Comcast (s CMCSA) will soon streamline the authentication process for subscribers that want to log in and access premium, on-demand video content online, according to CEO Brian Roberts. In a conversation with former News Corp. (s NWS) chief Peter Chernin at the Cable Show in Los Angeles today, Roberts said that the company would be revamping its TV Everywhere offering and could make it easier to access from PCs, but could also make it available through the iPad and other consumer electronic devices.
The update to its TV Everywhere service comes just six months after Comcast rolled out the beta version — dubbed Fancast Xfinity TV — to its subscribers, enabling them to view on-demand content from premium cable channels for which they were already paying. But that version required the download and installation of a Comcast Access module, which helps ensure that subscribers are allowed to view certain types of content.
The installation of the module and the entire authentication process caused frustration for some users — myself included — and led to wide-scale customer service issues for subscribers that couldn’t get the service to work (as evidenced in our comments).
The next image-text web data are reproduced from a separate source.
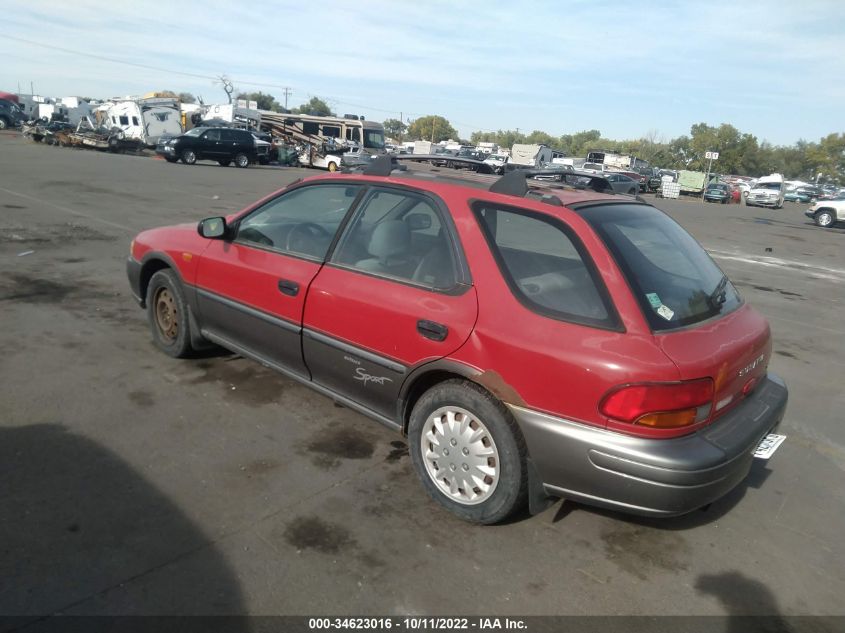 1997 Subaru Impreza Outback Sport VIN: JF1GF4859VH801447 Lot: 34623016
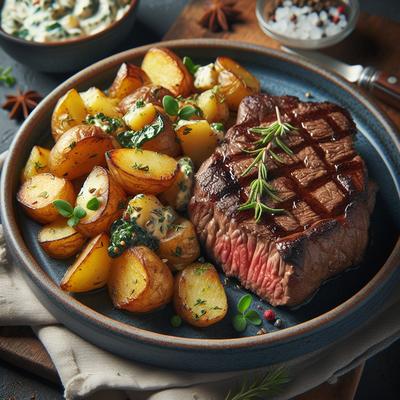 Image of Steak and Roasted Potato Salad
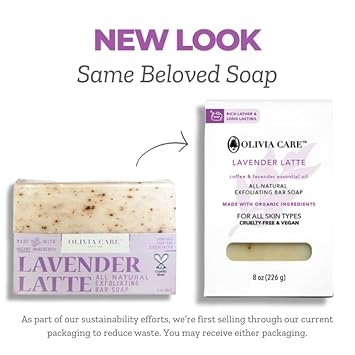 Olivia Care Exfoliating Bar Soap, Rose Himalayan Salt, 100% Natural, Organic Ingredients, Clean Energize Mind Body, Full Of Vitamin & Antioxidants, Aromatherapy With Oatmeal (Rose Himalayan Salt)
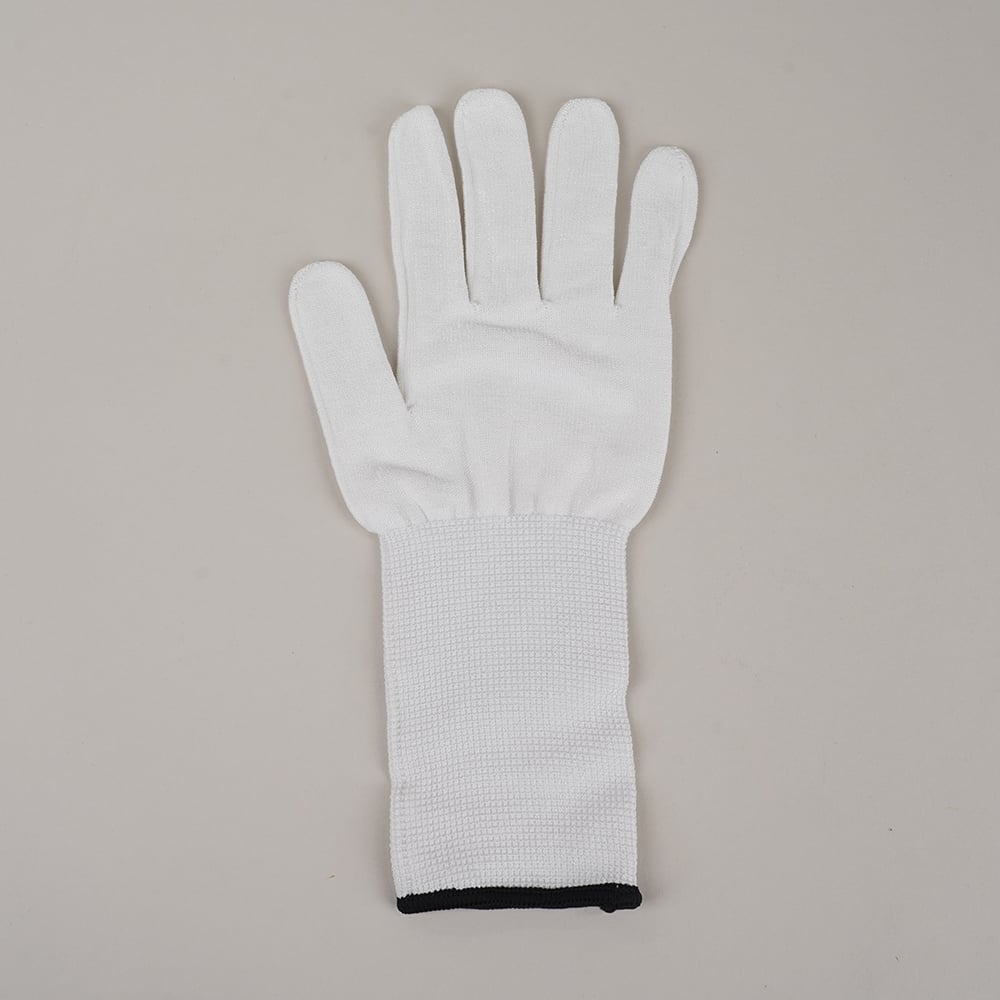 アズツール耐切創ロング手袋（レベル5・コート無）　黒　LL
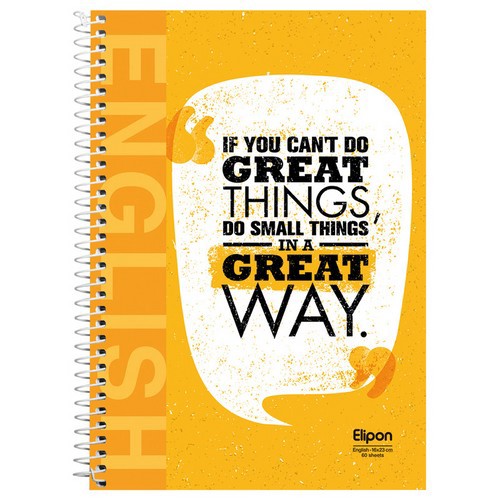 تصویر دفتر 60 برگ دو خط سیمی فانتزی شومیز الیپون (کد 2594612)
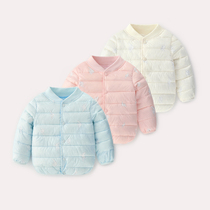 Baby cotton clothes winter thickened liner cotton padded jacket cotton padded jacket winter female baby foreign air male winter outside wearing thick jacket plus cotton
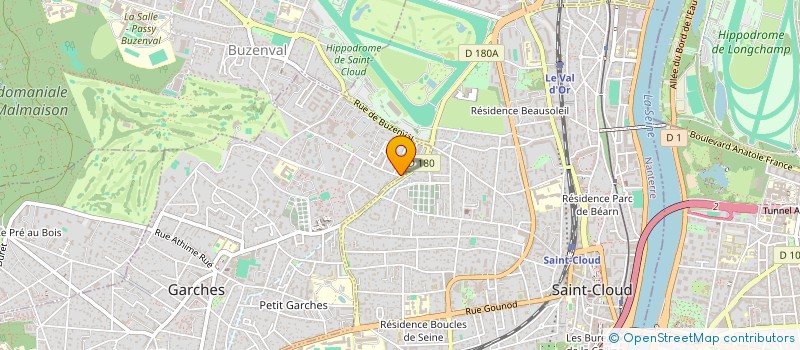 localisation de l'entreprise MONSIEUR MICHEL ROBIN  GARCHES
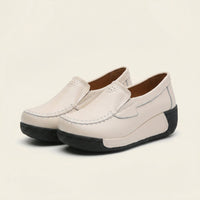 Women's Leather Wedge Loafer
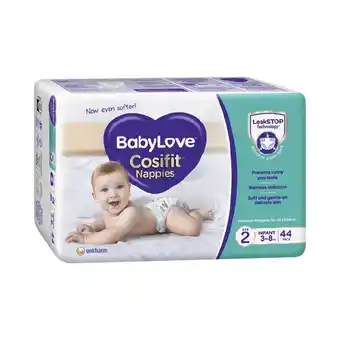 Woolworths Babylove Cosifit Nappies Pk 26-48 offer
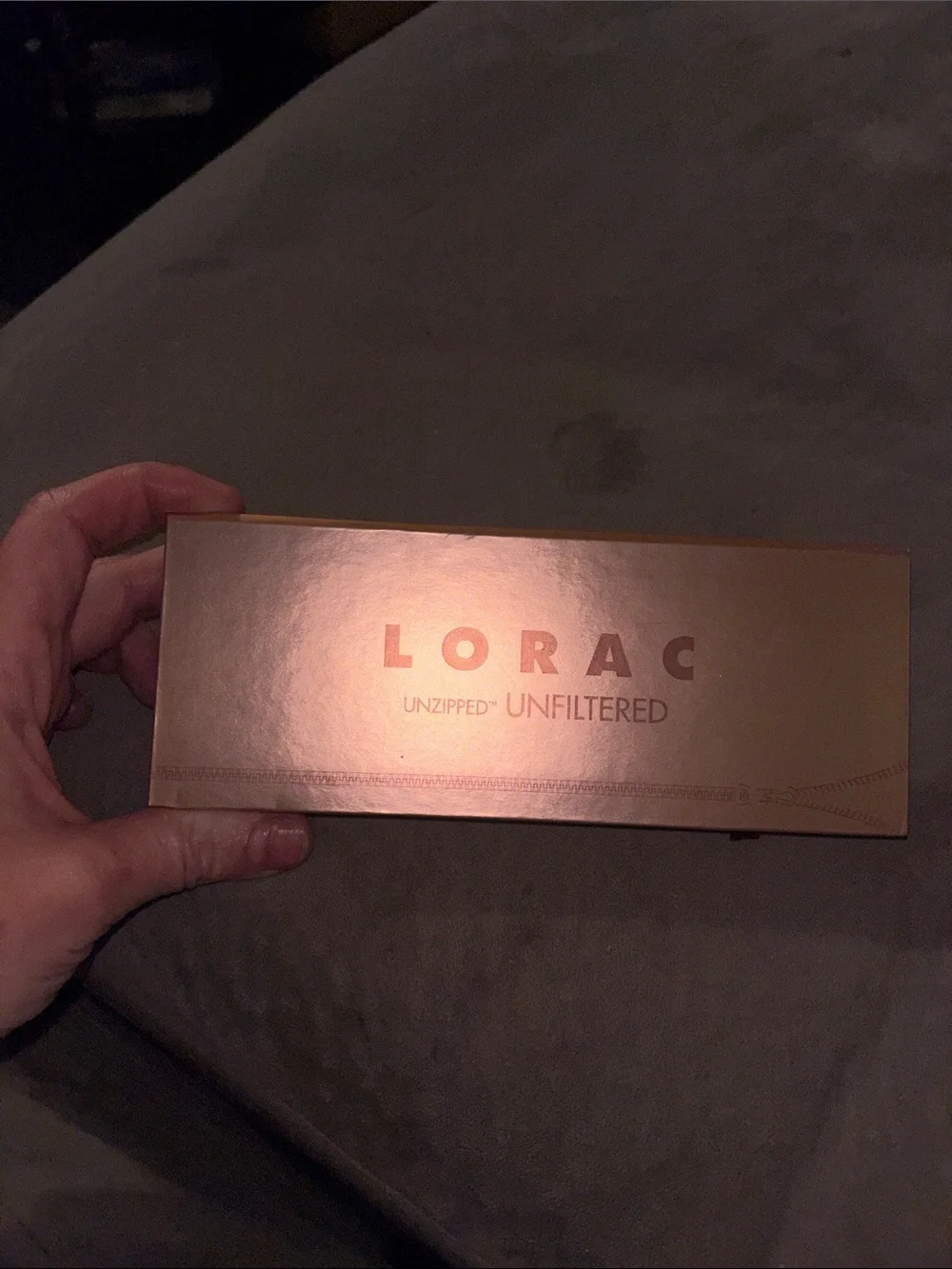 LORAC Unzipped Unfiltered Eyeshadow Palette - Rose Gold Metallic
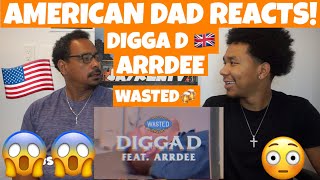 Digga D ft ArrDee  Wasted Visualizer AMERICAN DAD REACTS 🇺🇸 [upl. by Viridi]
Roberts acknowledged those issues today, saying that under the system it takes too many steps to authenticate. So Comcast is introducing a new version, which will hopefully be rolled out over the next 90 days, that would make it easier to log in and reduce the number of steps involved in reaching authenticated content. A newer version could also help the distributor to launch the service on other devices. “We would like it to be faster and more ubiquitous,” Roberts said.
The current Fancast Xfinity TV service is only available through PCs, but a new version could be available on mobile phones and other consumer electronics devices. Roberts singled out the iPad as one device on which Comcast would like to have its TV Everywhere service available. “We want to have all our authenticated content working on that device,” he said.
While Roberts gave no further details on the company’s plans, we expect Comcast to make some technology changes before the next version. The need to eliminate steps to authentication suggests that it could do away with the Comcast Access module altogether, requiring a simple web login instead. For delivery on PCs, the authenticated programming on Fancast could leverage Adobe (s ADBE) Flash, which has made available new DRM capabilities with the launch of Flash Access and the newest version of its plugin, Flash Player 10.1. For the iPad, however, Comcast will need to either build an app to deliver the TV Everywhere service, or deploy it using H.264-encoded HTML5 video, since Flash isn’t supported on the mobile device.